I continue to argue against it. Once you buy, you are stuck. Stuck with the property tax increases, service cuts, and community deterioration Generation Greed plans on cashing out and leaving you with. They are counting on younger people not really understanding what is coming, and being suckers. Instead of only being willing to pay a price that is so low that it takes back in lower housing costs all the community deficiencies that are being left behind. Generation Greed isn’t willing to sell at that price. Yet. The government is helping them, inflating the price of their houses (and stocks) with zero interest rates and other policies, and hiding the full burden of past public policies. It’s a war of attrition. Once the tax increases and service cuts can’t be put off anymore, however, housing prices will start to reflect them.
Consider what is happening in metro Chicago, where property taxes are soaring and services are collapsing to pay for debts and pensions. According to Crain’s Chicago Business
“Condominium owners in a Lincoln Park high-rise have voted to sell the entire building to an investor that plans to convert it to apartments, possibly the biggest deal of its kind in Chicago. Strategic Properties of North America has agreed to buy Clark Place Private Residences, a 133-unit building, confirmed Sam Haddadin, president of the building’s condo board. The building, which was converted from apartments to condos in 2005, will become a rental property once again, a switch that’s becoming more common in Chicago amid the hot apartment market.”
“Historically, developers have preferred to convert apartments to condos. That made sense before the crash, when condo buyers were willing to pay higher prices for converted apartments than apartment investors would, creating an arbitrage opportunity for developers. But the market has flipped. Though condo prices are recovering, apartment values have soared even more in recent years, meaning the pricing spread works the other way.”
Think about what that means.
A premium for ownership reflects two things: the ability to lock in housing prices, regardless of any inflation in the economy, and to become a permanent part of a community. That’s why people have been typically willing to pay more to own than to rent – rents could rise, but the mortgage payment is fixed and – if one pays the mortgage off – eventually disappears.
A premium for renting reflects two things: the ability to benefit from falling housing prices in the long run (even though rents have been rising more than income in the recent past), and the ability to flee a community if it deteriorates and taxes rise.

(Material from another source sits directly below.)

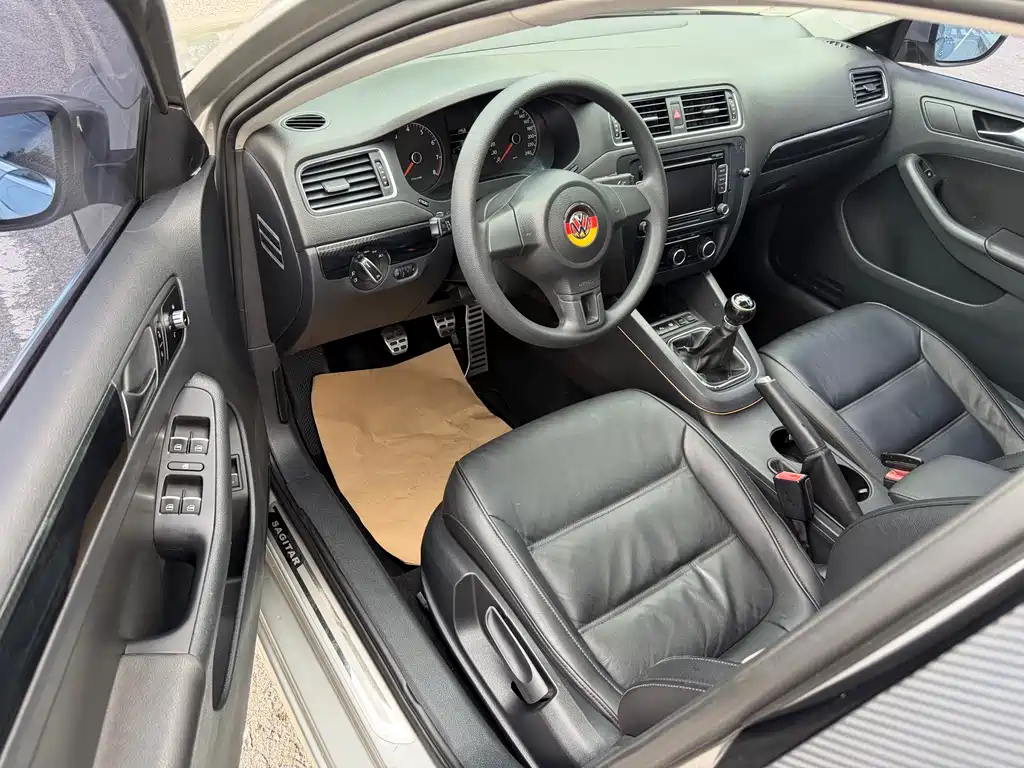 Volkswagen Sagitar 2012 1.6L MT Fashion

Because even after you pay off the mortgage, those taxes remain.
The community has become a wealth transfer mechanism from young people who can’t run away to Generation Greed, which feels entitled to everything it promised itself but refused to pay for. If you are locked in you are set up to be a victim and pay the debts, underfunded and retroactively enriched pensions, and deteriorating infrastructure left behind by those who came before.
Unless you pay so little up front that it offsets any possible disadvantage. I heard yesterday from a friend of my older daughter, who has joined many of her other classmates in leaving metro New York, in her case for a PhD program at Washington University in St. Louis. She said that many of her new classmates are buying houses there just to use for six years, because houses are so cheap in St. Louis that doing so is cheaper than renting.
It will take more data to confirm this, but the young serfs may have started to leave New York or at least stop coming here in large numbers. Where they will go instead remains to be seen.